(Data excerpts)
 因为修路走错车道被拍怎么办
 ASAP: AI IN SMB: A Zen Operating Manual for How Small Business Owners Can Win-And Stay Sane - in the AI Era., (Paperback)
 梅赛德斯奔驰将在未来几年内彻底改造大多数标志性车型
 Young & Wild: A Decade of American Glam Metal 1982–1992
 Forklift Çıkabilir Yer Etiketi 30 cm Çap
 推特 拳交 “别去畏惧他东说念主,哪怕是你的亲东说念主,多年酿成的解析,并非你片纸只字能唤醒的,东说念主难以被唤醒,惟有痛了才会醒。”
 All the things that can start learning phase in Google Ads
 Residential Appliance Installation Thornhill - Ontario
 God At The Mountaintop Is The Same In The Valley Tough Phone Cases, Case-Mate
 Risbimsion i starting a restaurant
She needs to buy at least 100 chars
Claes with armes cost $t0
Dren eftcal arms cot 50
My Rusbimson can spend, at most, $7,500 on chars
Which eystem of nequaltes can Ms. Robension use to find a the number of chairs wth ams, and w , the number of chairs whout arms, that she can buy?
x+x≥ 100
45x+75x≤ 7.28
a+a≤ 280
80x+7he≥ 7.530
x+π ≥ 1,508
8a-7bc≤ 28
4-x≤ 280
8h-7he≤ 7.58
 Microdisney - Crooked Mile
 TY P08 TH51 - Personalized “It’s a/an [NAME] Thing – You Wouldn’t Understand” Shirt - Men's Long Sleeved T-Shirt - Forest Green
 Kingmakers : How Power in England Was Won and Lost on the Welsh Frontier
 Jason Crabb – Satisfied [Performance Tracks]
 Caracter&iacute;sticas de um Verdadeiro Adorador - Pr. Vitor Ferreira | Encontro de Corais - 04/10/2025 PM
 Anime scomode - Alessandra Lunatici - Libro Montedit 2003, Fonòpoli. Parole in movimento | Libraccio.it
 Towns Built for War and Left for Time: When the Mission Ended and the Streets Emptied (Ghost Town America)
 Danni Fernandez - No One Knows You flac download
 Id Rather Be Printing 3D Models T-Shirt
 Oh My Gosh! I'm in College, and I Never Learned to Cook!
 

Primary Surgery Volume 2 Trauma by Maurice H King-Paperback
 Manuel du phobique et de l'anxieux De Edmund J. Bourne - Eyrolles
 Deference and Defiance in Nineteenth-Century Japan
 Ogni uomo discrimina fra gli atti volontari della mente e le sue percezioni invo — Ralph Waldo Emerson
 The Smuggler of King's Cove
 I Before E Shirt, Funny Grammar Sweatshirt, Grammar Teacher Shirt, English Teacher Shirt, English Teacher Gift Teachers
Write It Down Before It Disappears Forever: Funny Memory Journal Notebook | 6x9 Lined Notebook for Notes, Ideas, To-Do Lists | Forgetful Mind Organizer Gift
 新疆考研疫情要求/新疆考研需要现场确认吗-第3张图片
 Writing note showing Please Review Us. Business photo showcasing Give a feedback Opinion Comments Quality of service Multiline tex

Activity: Quote exactly the stretch of lines above that starts at the first one and ends at the line with "Forklift Çıkabilir Yer Etiketi 30 cm Çap", and nothing beyond it.

Task solution:
 因为修路走错车道被拍怎么办
 ASAP: AI IN SMB: A Zen Operating Manual for How Small Business Owners Can Win-And Stay Sane - in the AI Era., (Paperback)
 梅赛德斯奔驰将在未来几年内彻底改造大多数标志性车型
 Young & Wild: A Decade of American Glam Metal 1982–1992
 Forklift Çıkabilir Yer Etiketi 30 cm Çap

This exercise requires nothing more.